Work to complete ::
Give back exactly the lines from the one holding "Human Skin Anatomy vector illustration\" to the bottom of the material, both included, and nothing more. No pictures.

Records to process ::
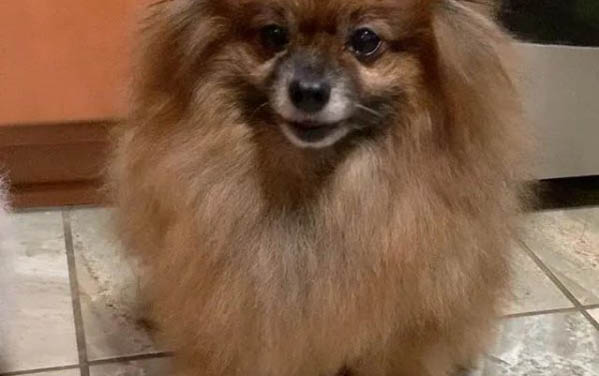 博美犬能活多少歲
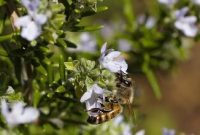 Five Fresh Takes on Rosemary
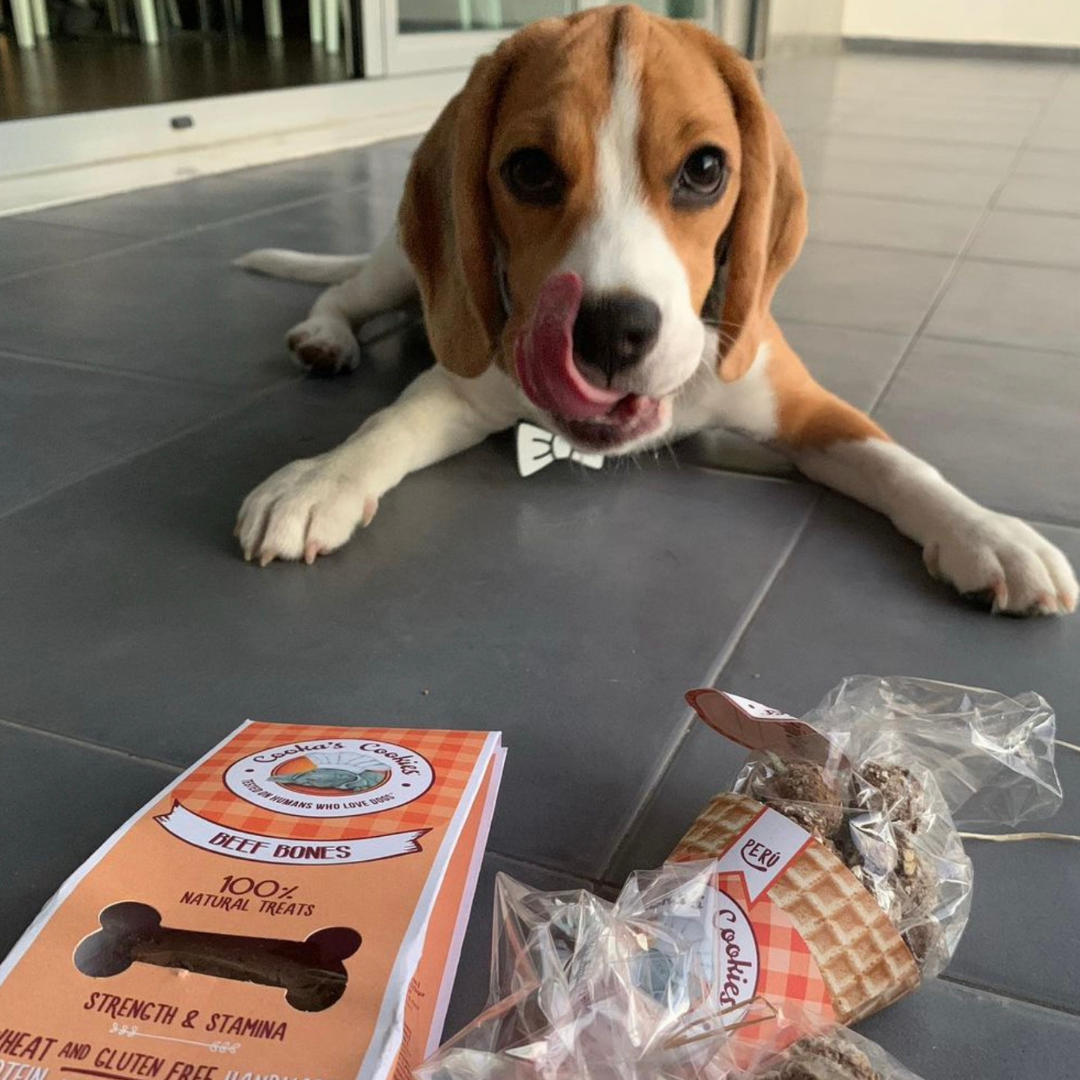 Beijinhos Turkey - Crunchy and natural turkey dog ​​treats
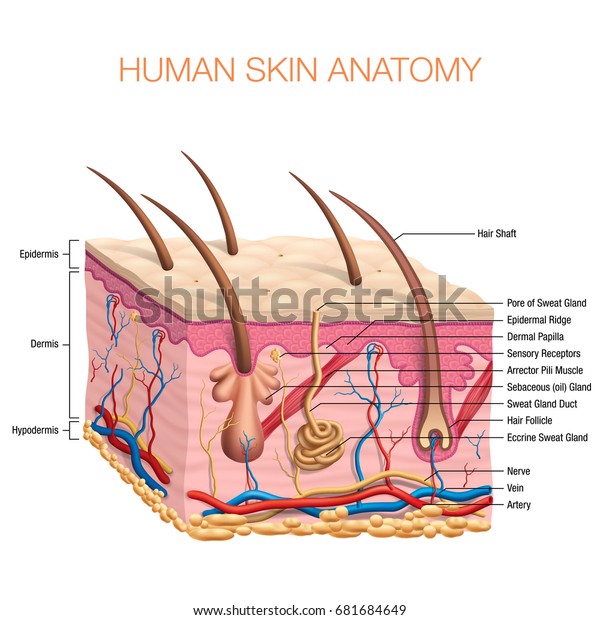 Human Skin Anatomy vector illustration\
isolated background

Answer section ::
 Human Skin Anatomy vector illustration\
isolated background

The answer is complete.